No substitute for seat time..........

How are you setting up? Are you seeing deer?


----------



## RuddeDogg (Mar 20, 2004)

*Yep*



drhnter said:


> spend as much time in your stand as you can, actually 3 years is not a long time when you are talking bow hunting, just keep yourself sent free and movement to a minium and eyes and ears open.


This is the best tip.


----------



## valazybeachbum (Jul 24, 2007)

i use a climber stand ..i go up about 20-25 feet...i only seen one deer ...while bow hunting ......this is why i always told myself ..i am a better fisherman then a hunter


----------



## saltandsand (Nov 29, 2007)

For me its three last year and two so far this year. BTW: Haven't got one yet out of my stand.
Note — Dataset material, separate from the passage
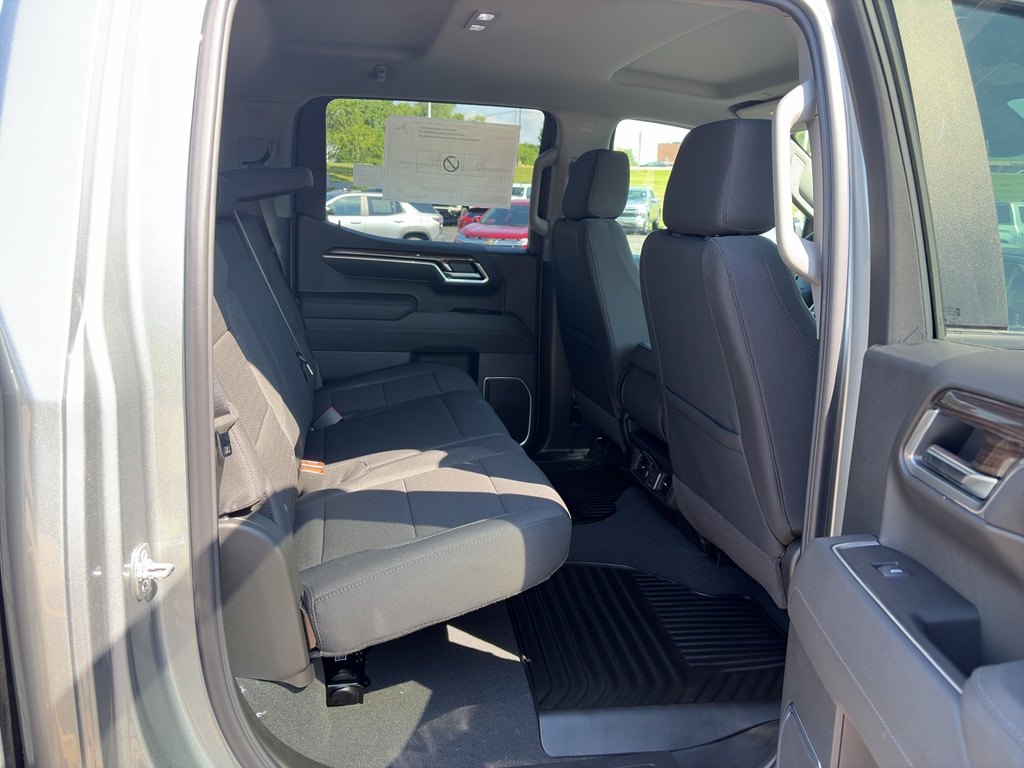 2026 Chevrolet Silverado 1500 LT - Photo 16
Are you missing? Are you hitting but not bagging? Are you not even getting a shot? Are you not confident enough to take the shots you've had available?


----------



## F I LetsGoFishin (Apr 24, 2007)

Things to keep in mind when it comes to seeing deer, which is by the way much differant than taking deer. 

Location . you have to be in area that they do move through. not neccarily where there is food but rather trails that they use on a regular basis. The more trails that are close togeather the better. Also do not restrict yourself to one constant tree move around.Deer can be rather noisy If you hear sounds in a area you can not see on a regular basis then next time move to were you can see the area you heard them from

Timing. you will not see them if you are not there when they are. I do not about others but I see and take most of my deer between 8:30 and 
10:am 9.30 seems to be the magic moment.

Concealment. your chances of seeing a deer are greatly reduced if they see you first. Their eyesight is far better than yours and they pick up movement quite quickly

Learn to recognise what you see. I have hunted close enough to a lot of peaple who say they do not see deer but I can see deer very close to them. My guess is they are looking for the whole animal. Most deer I see are detected by sound then I can pick out a part of it. sometimes it may take a few minutes to get enough movement to see the whole animal.


----------



## Finger_Mullet (Aug 19, 2005)

Where is VA are you from??

Darin


----------



## saltandsand (Nov 29, 2007)

Being color blind I hunt by sound more than sight, but I think I also have an advantage of being able to pick up on the shape of an animal, this I can't really say as I can only see through my eyes and talk with other hunters as to what they see.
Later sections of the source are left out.